I struggled for a few weeks trying to get him to own up to some short term goal. He came back with this two-fold idea:
- He did something called the Brooklyn Fishing Derby. It was a contest of who(m) might catch the largest fish from the East River. Yuck. Catch and release was the policy. • No one should ever have to eat a fish with three or more eyeballs. < no joke).
- He wanted to be a TV celebrity (documentary and journey style) so he could travel where he wanted, do as he pleased, fish, surf, play guitar, anywhere in the world and get paid for doing so.
I agreed to help him with #1 finding him a large Brooklyn beer sponsor ($25K) and then #2. He hired me to get these two things to happen. As a result of my efforts, the short term deal was— I would find a way to make him $60K as a result of my efforts, within the next 12 months. So if it worked, we would be settled up for the remaining $8K he had paid me for the failed Williamsburg TV, kiosk and video project.
Here’s what I did:
First, we designed an entire infrastructure for the sponsorship package he needed to launch The Brooklyn Fishing Derby. This included showing ways that a sponsorship inclusion opportunity would reach a certain number of people in Williamsburg (an ROI). Yes, fishing and beer go together.

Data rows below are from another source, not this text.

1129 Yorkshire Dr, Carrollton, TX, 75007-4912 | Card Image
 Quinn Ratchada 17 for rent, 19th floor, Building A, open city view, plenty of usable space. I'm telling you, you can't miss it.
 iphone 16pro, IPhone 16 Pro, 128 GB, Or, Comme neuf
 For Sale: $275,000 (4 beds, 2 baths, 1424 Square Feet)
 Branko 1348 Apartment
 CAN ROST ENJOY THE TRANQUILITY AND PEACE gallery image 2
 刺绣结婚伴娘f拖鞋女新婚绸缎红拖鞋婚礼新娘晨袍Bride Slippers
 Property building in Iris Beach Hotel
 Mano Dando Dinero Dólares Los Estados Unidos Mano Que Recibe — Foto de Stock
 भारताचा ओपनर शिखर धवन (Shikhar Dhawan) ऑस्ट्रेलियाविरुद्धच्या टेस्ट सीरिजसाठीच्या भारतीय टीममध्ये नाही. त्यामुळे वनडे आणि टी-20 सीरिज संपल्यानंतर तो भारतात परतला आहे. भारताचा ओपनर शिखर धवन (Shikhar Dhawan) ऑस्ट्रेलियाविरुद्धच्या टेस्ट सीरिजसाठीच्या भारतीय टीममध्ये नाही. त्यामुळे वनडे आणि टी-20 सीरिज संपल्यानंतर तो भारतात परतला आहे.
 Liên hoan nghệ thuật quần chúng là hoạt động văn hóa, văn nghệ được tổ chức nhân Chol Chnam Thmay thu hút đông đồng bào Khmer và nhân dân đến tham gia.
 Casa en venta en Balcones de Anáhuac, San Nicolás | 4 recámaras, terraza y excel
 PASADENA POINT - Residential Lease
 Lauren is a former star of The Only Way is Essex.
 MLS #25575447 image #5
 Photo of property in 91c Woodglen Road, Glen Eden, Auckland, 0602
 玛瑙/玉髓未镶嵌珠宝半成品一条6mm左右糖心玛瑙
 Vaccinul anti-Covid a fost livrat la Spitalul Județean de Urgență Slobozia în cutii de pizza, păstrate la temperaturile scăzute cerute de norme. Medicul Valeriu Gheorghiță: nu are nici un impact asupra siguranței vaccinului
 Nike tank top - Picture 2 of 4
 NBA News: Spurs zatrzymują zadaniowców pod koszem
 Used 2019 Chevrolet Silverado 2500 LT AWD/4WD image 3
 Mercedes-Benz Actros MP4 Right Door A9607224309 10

We ran with headline: “Urban Anglers – Who Will Be Brooklyn’s Biggest Hooker?”
Secondly, was the TV celebrity idea and getting his travels filmed, broadcast and paid for by whatever network would pick him up when he was ready to escape NY or leave again.
I enrolled two other local Wburg experts to help with this: Lori Manning (she brought Ben to the title sponsor) and Rev. Spyro Poulos got Ben a TV program on Fx.
Spyro is an old high school nemesis of mine and an absolute mastermind of understanding Pop Culture, the structural and strategic components of the Advertising world and all the indy parts needed for a corporate sponsorship program. He happene to have an “in” at Fx.
Spyro set him up with his first Pilot program on PlumTV. Ben’s salary the first year was well into $45K range.
In two months, his total was $25K and $45K = $70K. These projects were parlayed to get his own TV show on the Cooking Channel called “Hook, Line and Dinner”.
Here’s Ben again as Dr. Claw,
the illegal lobsta roll
of Greenpoint | Brooklyn.
You can probably still get his awesome Greenpoint lobsta rolls if you call his cell. You have to wait around the corner by the rad wall and it’s cash only for the lobster roll handoff. Someone looking like this photo above will hand you a bag with the amount of lobsta rolls you ordered—please have exactly change only.
You’d only have to meet Ben once to know that he was destined to be on TV. Not only that but, he’s the type of guy who makes you feel more valuable about yourself by being in his company.
* * *
You already know
“It’s not what you know. It’s who you know.”
It’s like that. Some people have all the fixins for media stardom. Personally, I’m not that guy. I’m that producer guy that gets the job done. I’m always behind the curtain.
What’s new, Hollywood?
When we say…
BinkNyc transforms a company into a culture,
grows businesses into movements,
improving peoples’ lives.
We mean it.
[ Hey Ben, When you see this,
call Spyro and thank him
for the PlumTV gig. ]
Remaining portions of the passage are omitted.